[Exercise goal]
The line containing "Ferrari 458 italia" and each line after it, through the final line of the data, are to be retyped exactly, with pictures left out.

Supplied information Block Start

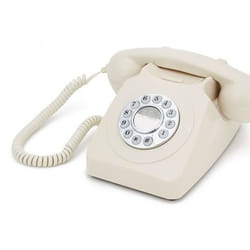 GPO Retro 746 Analog telephone Caller ID Ivory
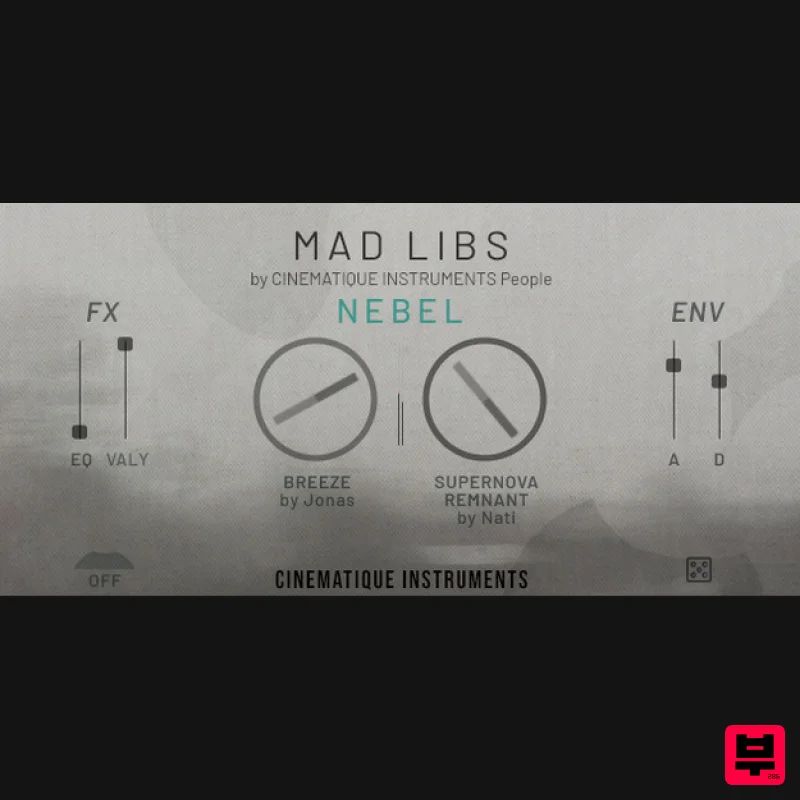 Cinematique Instruments Mad Libs - Nebel - Kontakt Instrument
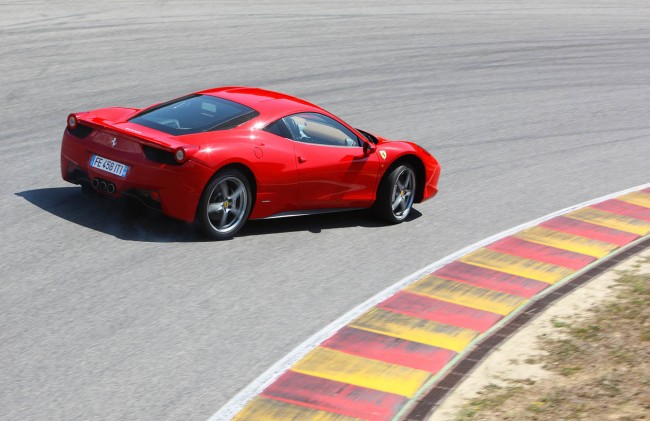 Ferrari 458 italia
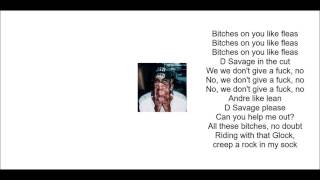 D Savage 3900 - 30 Round Clip (Lyrics)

Supplied information Block End

[Solved problem]
 Ferrari 458 italia
 D Savage 3900 - 30 Round Clip (Lyrics)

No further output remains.